The Purpose of Treasury Transformation: Bridging the Gap
We have a clear question: what is the ultimate goal of treasury transformation? The answer is quite straightforward, as Kevin Braeckman explains: it’s all about better supporting the company.
You see, the treasury department plays a crucial role in any company. It’s not just the guy who keeps track of the money. Instead, it supports the company’s operations by managing financial risks, ensuring cash availability, and much more. But what happens when there’s a gap between what the treasury department could do to best support the company and what it’s doing? This is where treasury transformation steps in.
Kevin talks about two levels of support a treasury department can provide. At the group level, it’s about ensuring cash is available for investments. This could be achieved by centralising cash to support HQ entities or hitting the debt markets to raise additional funds.

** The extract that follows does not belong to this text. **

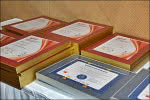 Dyplomy i certyfikaty programu VIP Innowacyjna Stolarka 2012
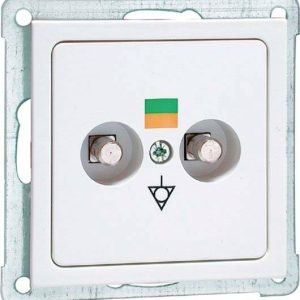 PEHA by Honeywell 156421 Potentiaalvereffening stopcontact Inzetstuk 2-voudig Wit 1 stuk(s) PEHA by Honeywell 156421 Potentiaalvereffening stopcontact Inzetstuk 2-voudig Wit 1 stuk(s)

But the support doesn’t stop there. At the business level, the treasury department ensures enough cash for day-to-day operations and helps businesses understand the risks they face from these operations. For example, the treasury department can educate about the impact of sending an invoice in a foreign currency.

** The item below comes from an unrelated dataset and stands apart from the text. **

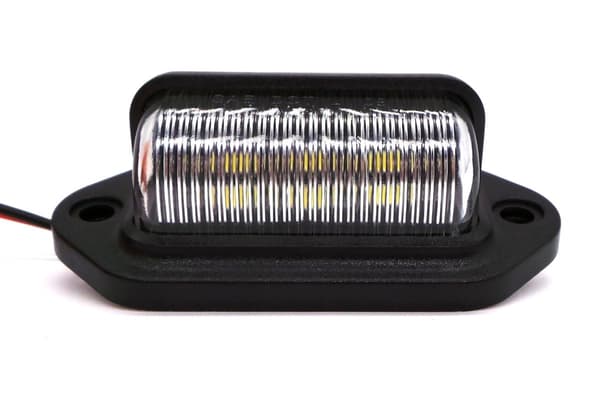 2 st LED-registreringsljus 24V 350lm, universal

However, the reality is that many treasury departments want to offer this comprehensive support but are bogged down with day-to-day operations. They’re so caught up in manual, repetitive tasks that there’s less time for value-add strategic support. This is where treasury transformation can be a game-changer.
Through treasury transformation, processes and systems can be set up and automated to reduce the burden of manual, repetitive tasks. This frees up more time for the treasury department to focus on strategic support for the company. In short, treasury transformation is all about helping your treasury department work smarter, not harder, to provide the support your company needs.
When is the Right Time for Treasury Transformation?
Let’s talk about the big question – when is the right time for a company to take a leap of faith and initiate its treasury transformation journey? Our expert, Kevin, points out that the triggers can vary greatly, but three common scenarios often light the fuse.
New Leadership: A Fresh Pair of Eyes
When a new treasurer takes the reins, it’s like fresh air. This change in leadership often acts as a spark, setting off the transformation process. The new leader might see opportunities for change in the existing setup, leading them to reassess and compare with similar organisations.
Rapid Company Growth: Time for an Upgrade
Imagine those tech companies or other businesses shooting up like a rocket. As they expand, their treasury departments might not keep pace. After all, managing a treasury for a small business versus a giant corporation is a whole different ball game. That’s why it becomes crucial to shape a treasury function that scales with the company’s size.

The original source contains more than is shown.